● **ACTIVITY**
Each line of the material should be set down exactly. Pictures are not part of the copy.

● **DATASET EXTRACT**

⁂

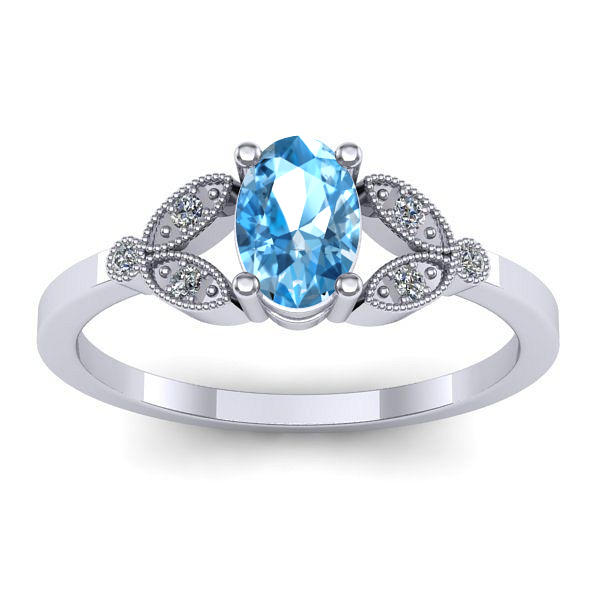 Inel cu topaz blue oval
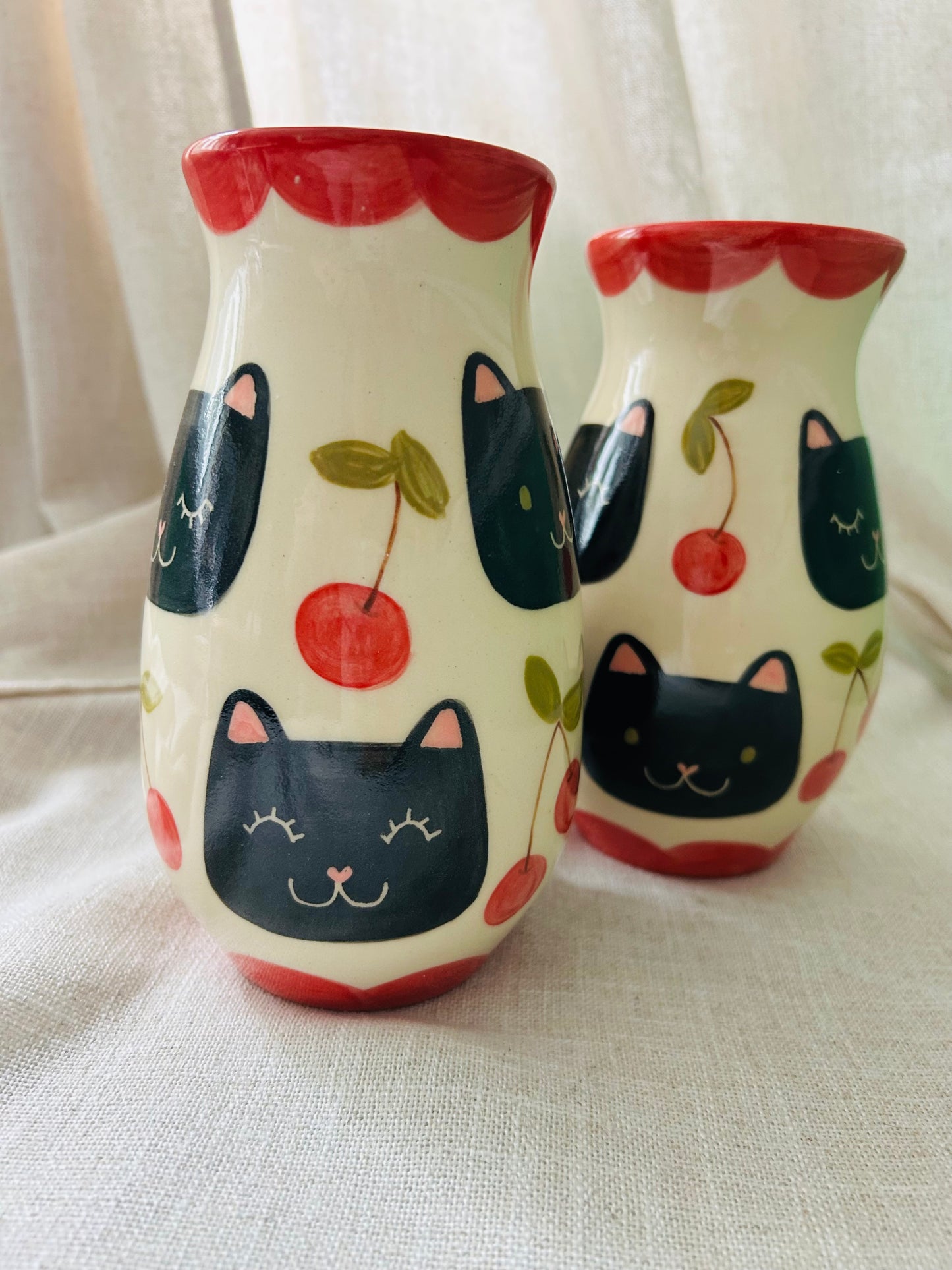 Cat Vase- Cherries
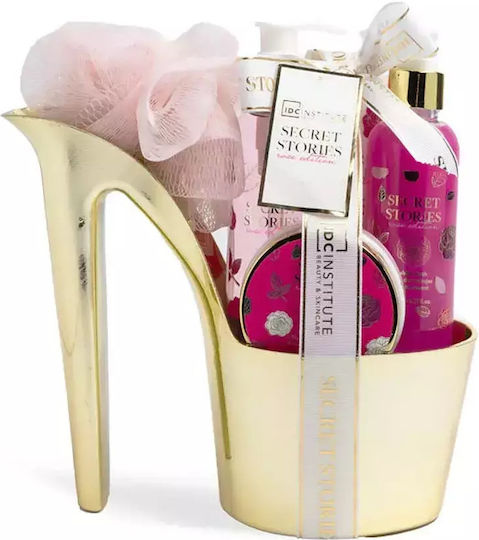 IDC Institute Secret Stories Rose Edition High Heel Shoe Skin Care Set for Moisturizing & Body Cleaning 6pcs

⁂

● **OUTPUT BELOW**
 Inel cu topaz blue oval
 Cat Vase- Cherries
 IDC Institute Secret Stories Rose Edition High Heel Shoe Skin Care Set for Moisturizing & Body Cleaning 6pcs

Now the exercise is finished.